Allen savait que Young ne voulait pas lui dire qu’il avait décidé de partir. Mais Kim a finalement forcé son fils à lui téléphoner. « Que se passe-t-il ? » a demandé Allen. « C’est simple. Je vais rester ici », a répondu Young. « Pourquoi? » Pas de réponse. « Écoute, si c’est ce que tu veux, si c’est vraiment ta décision, je te soutiendrai, a déclaré Allen. Mais si tu fais ça pour quelqu’un d’autre, ça me pose un problème. On va s’arrêter là et quand tu reviendras à Wichita après l’AAU, je veux que tu viennes me voir. On mangera un hamburger et on discutera de tout ça. »

De retour à Wichita, Young a rencontré Allen et lui a répété qu’il voulait changer de lycée. Il était devenu trop célèbre. Sa décision avait été confortée par un incident très suivi par les médias locaux. Plus tôt cette année-là, Young, quelques joueurs et quelques pom-pom girls avaient introduit de l’alcool dans une chambre d’hôtel, lors d’un déplacement à Topeka. Young a menti sur sa présence, puis a estimé injuste d’avoir été le seul à écoper d’une suspension d’un match. L’incident avait été exagéré au point que les chaînes de télévision étaient venues camper devant la maison de sa mère. Il avait envisagé de fréquenter l’académie Oak Hill en Virginie, mais ensuite, il avait entendu parler de l’excellent effectif de Hargrave ; c’était aussi là que Myron Jr. avait prévu d’aller. Allen l’a supplié de reconsidérer sa décision, en vain. « Je l’aime toujours, a récemment déclaré Allen. Je tiens toujours à lui. C’est quelqu’un de très généreux, qui ferait n’importe quoi pour t’aider. Mais il était trop jeune pour être seul. Et c’est ce qui l’a perdu. »

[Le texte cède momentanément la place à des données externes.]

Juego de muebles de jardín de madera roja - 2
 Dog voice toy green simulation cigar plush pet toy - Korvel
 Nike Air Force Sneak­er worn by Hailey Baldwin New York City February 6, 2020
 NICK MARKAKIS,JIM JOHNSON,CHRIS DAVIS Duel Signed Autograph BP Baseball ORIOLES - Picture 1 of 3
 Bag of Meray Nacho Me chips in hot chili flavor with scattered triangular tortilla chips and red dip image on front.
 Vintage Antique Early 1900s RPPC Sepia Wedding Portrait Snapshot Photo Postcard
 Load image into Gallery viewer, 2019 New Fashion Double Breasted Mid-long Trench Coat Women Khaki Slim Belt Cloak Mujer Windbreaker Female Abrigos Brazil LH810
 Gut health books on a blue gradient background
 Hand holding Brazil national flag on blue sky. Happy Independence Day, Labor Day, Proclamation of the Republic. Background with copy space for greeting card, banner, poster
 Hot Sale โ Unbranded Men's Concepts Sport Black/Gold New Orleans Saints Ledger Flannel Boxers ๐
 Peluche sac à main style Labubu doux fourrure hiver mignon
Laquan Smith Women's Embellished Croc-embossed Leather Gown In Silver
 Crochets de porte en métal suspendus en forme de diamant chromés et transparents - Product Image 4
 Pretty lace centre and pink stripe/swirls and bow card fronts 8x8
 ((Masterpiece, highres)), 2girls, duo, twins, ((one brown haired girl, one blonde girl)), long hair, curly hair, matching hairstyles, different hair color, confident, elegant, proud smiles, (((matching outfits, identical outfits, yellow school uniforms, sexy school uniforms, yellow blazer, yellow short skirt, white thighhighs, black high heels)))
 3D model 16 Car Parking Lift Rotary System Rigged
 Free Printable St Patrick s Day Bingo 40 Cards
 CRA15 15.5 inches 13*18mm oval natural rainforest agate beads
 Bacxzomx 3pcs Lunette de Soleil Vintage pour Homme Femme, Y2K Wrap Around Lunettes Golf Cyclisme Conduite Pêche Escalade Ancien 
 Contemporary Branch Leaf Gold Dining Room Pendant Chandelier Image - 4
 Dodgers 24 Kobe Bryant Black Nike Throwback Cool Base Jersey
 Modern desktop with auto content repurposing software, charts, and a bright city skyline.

Young regarde le pasteur Hicks. Tous deux sont très bavards. Ils échangent tout au long de leur conversation. Ils se trouvent des points communs. Hicks a lui aussi grandi sans père ; il lui a fallu beaucoup de temps pour accepter sa douleur, jusqu’au jour où, alors qu’il prêchait pour un groupe d’hommes, il a partagé son mal-être et sa frustration. Il leur a dit que lorsqu’il a assisté aux funérailles de son père, il a jeté un coup d’œil dans le cercueil, a dit qu’il ne connaissait pas l’homme qui s’y trouvait et est sorti. Hicks sait qu’il faut être fort pour surmonter ce genre d’épreuve. Il veut voir cette force en Young. « Si j’essaie de finir… », commence ce dernier.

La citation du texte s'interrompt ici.